While the principle of vicarious liability means that an employer is responsible for the acts and omissions of an employee; that employee is also personally responsible. If their negligence causes damage to their employer or a third person, the damaged party can sue them directly.

While such suits are rare outside the realm of healthcare they are a legitimate part of the common law. Part of the reason for their rarity is that the employee can usually rely on the employer’s insurance so since the same insurer is defending or paying the claim it makes no practical difference who the defendant is.

Note that some jurisdictions have put a statutory shield around employees but England/Wales is not one of them.

You should have insurance

If you are an independent contractor in fact (rather than being an employee who is called an independent contractor - see many questions on this site) then you are not covered by your principals insurance.

While I understand that your back-of-house work carries less risk than working in a production environment, it is not risk free. If a piece of code you wrote crashes the server or wipes the database when it goes live, you can be sued by your principal or the damaged third party and your principal’s insurer will be leading the charge.

Indemnities are nice

But ...

What are you going to do when your principal welshes on it?

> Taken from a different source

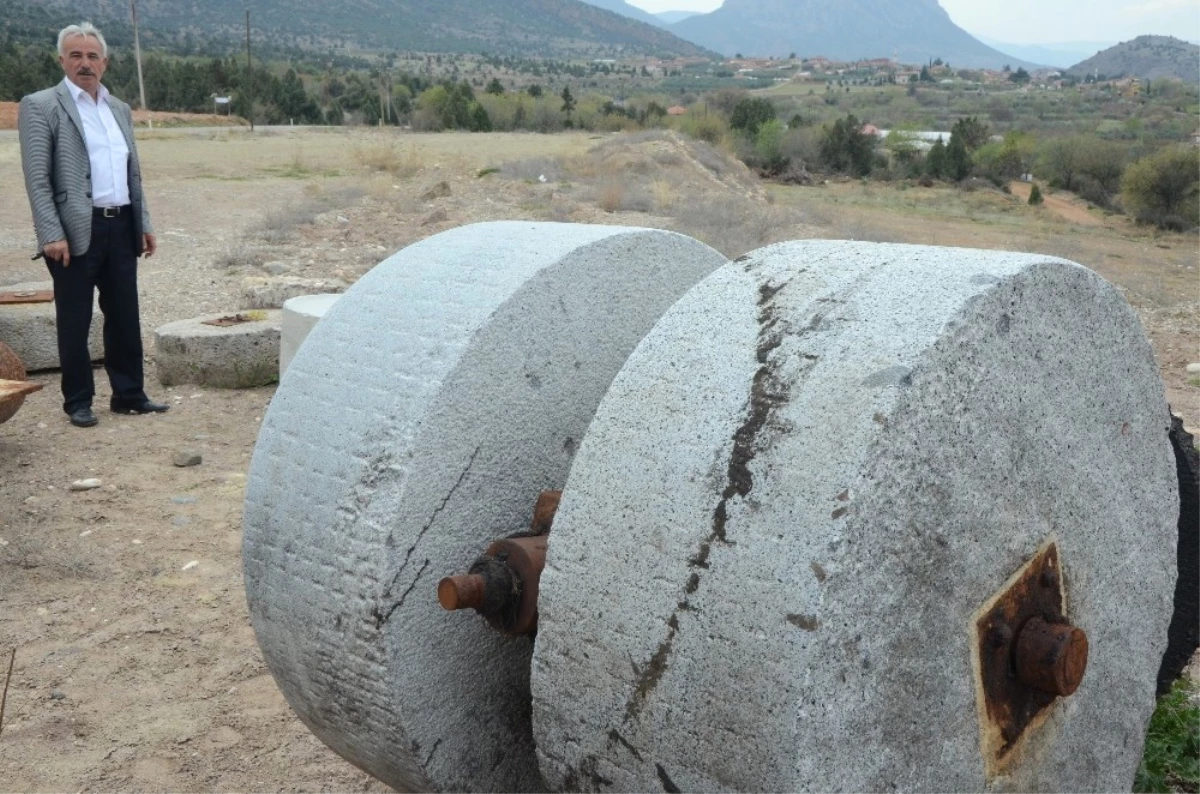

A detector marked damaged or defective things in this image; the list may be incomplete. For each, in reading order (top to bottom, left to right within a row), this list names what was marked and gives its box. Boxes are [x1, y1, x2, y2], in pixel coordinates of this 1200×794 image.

Do you have the resources to sue them (a process that might take 24-36 months) to enforce the indemnity? What happens if at the end of that the court decides the indemnity is unenforceable? Or the principal has gone bankrupt and you’re just another unsecured creditor getting a penny in the pound seven years from now?

Are you sure that such an indemnity is allowed under your principal’s PI insurance so that their insurer will honour it? They are more likely to pay you if they can recover.

Rather than getting an indemnity, negotiate higher payment for taking the risk and invest some of that in a proper PI policy with indemnities you can rely on.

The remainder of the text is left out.